Assigned task ::
Leave the pictures aside. Retype exactly the lines from the top of the data below through the one holding "Christianartworkshop Soccer &".

Data extract ::
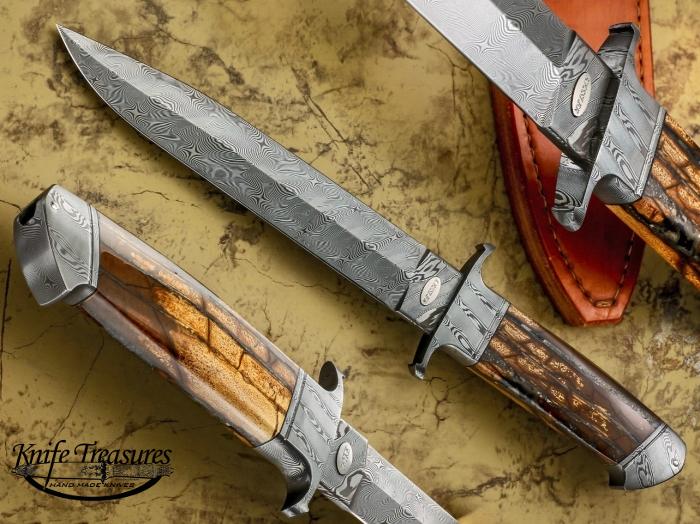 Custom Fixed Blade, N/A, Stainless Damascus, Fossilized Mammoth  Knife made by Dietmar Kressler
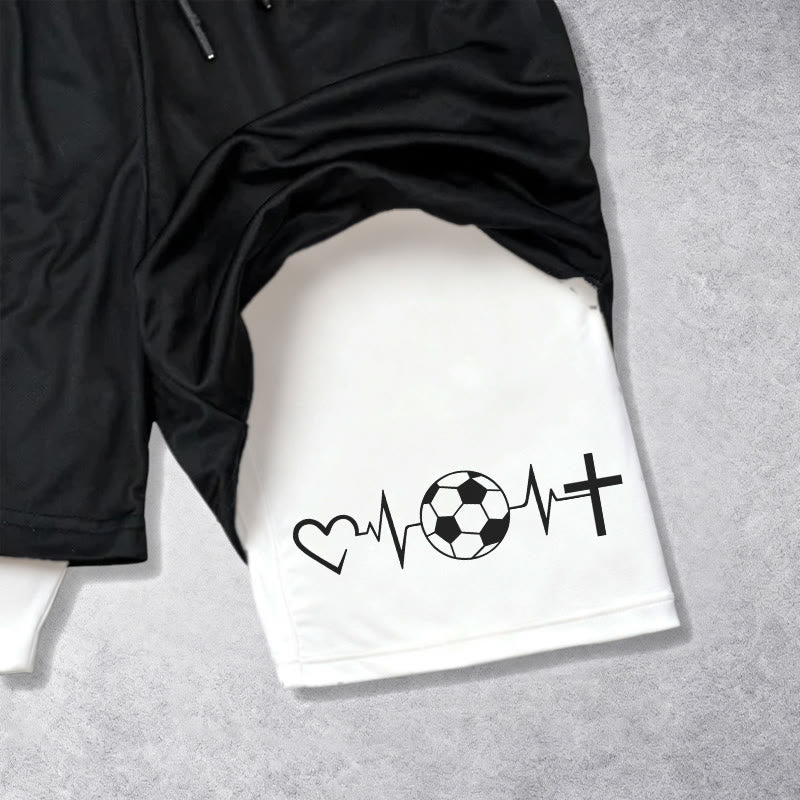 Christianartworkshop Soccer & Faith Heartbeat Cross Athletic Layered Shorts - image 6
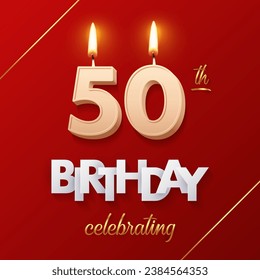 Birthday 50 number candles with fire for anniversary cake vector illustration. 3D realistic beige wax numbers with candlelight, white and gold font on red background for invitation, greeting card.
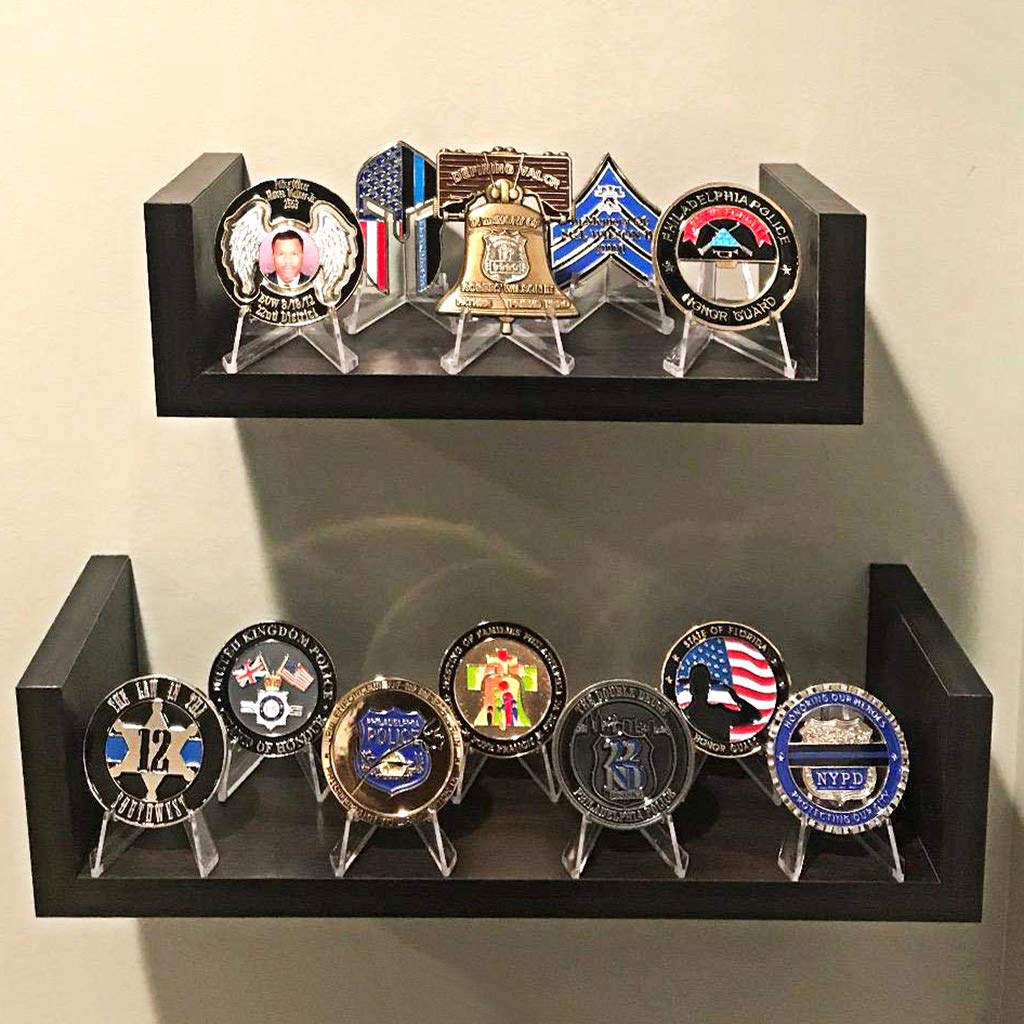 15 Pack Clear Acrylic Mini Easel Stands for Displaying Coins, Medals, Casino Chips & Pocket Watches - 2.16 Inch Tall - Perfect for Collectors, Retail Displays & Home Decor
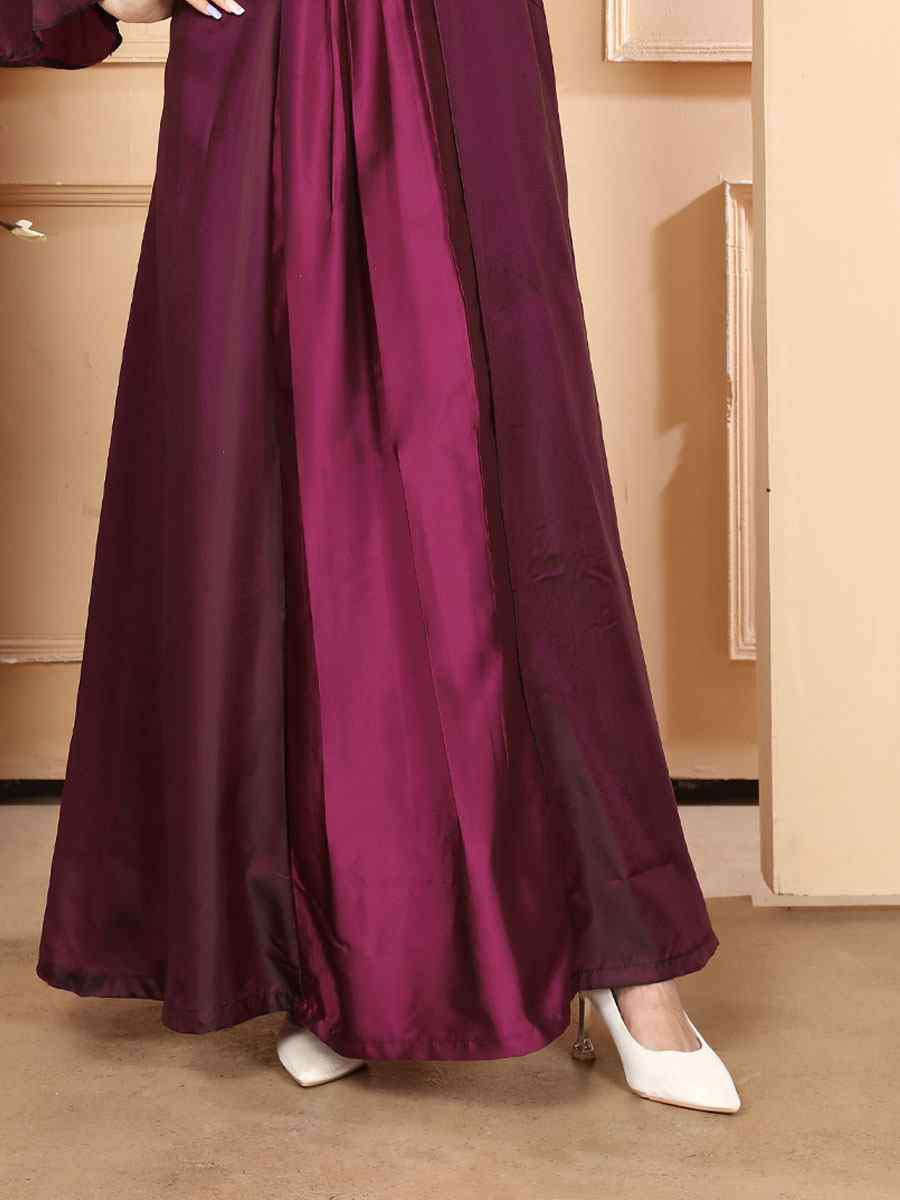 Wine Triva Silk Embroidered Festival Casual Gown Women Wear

Solution to this task ::
 Custom Fixed Blade, N/A, Stainless Damascus, Fossilized Mammoth  Knife made by Dietmar Kressler
 Christianartworkshop Soccer & Faith Heartbeat Cross Athletic Layered Shorts - image 6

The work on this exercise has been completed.